- TASK BRIEF -
Could you print the listing again exactly, omitting the pictures?

- DATA SEGMENT -
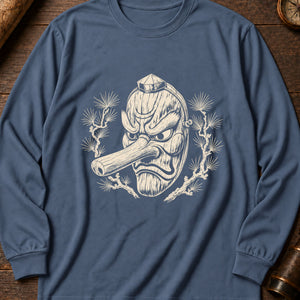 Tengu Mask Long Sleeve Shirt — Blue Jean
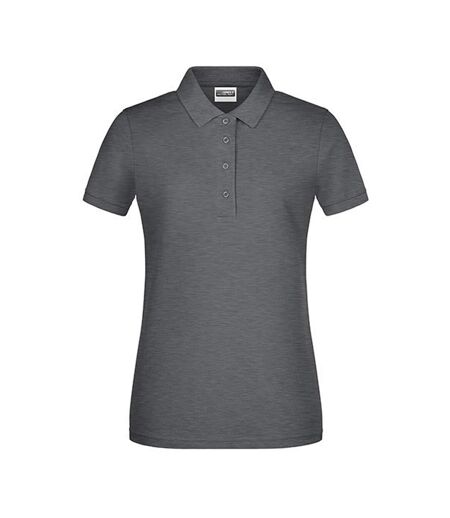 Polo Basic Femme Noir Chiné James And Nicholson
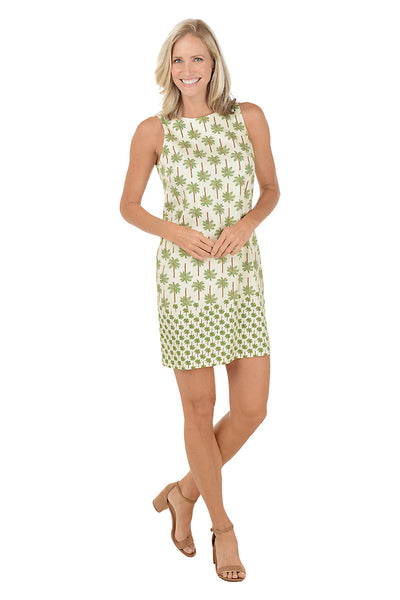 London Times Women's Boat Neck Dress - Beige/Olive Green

- OUTPUT OF THE TASK -
 Tengu Mask Long Sleeve Shirt — Blue Jean
 Polo Basic Femme Noir Chiné James And Nicholson
 London Times Women's Boat Neck Dress - Beige/Olive Green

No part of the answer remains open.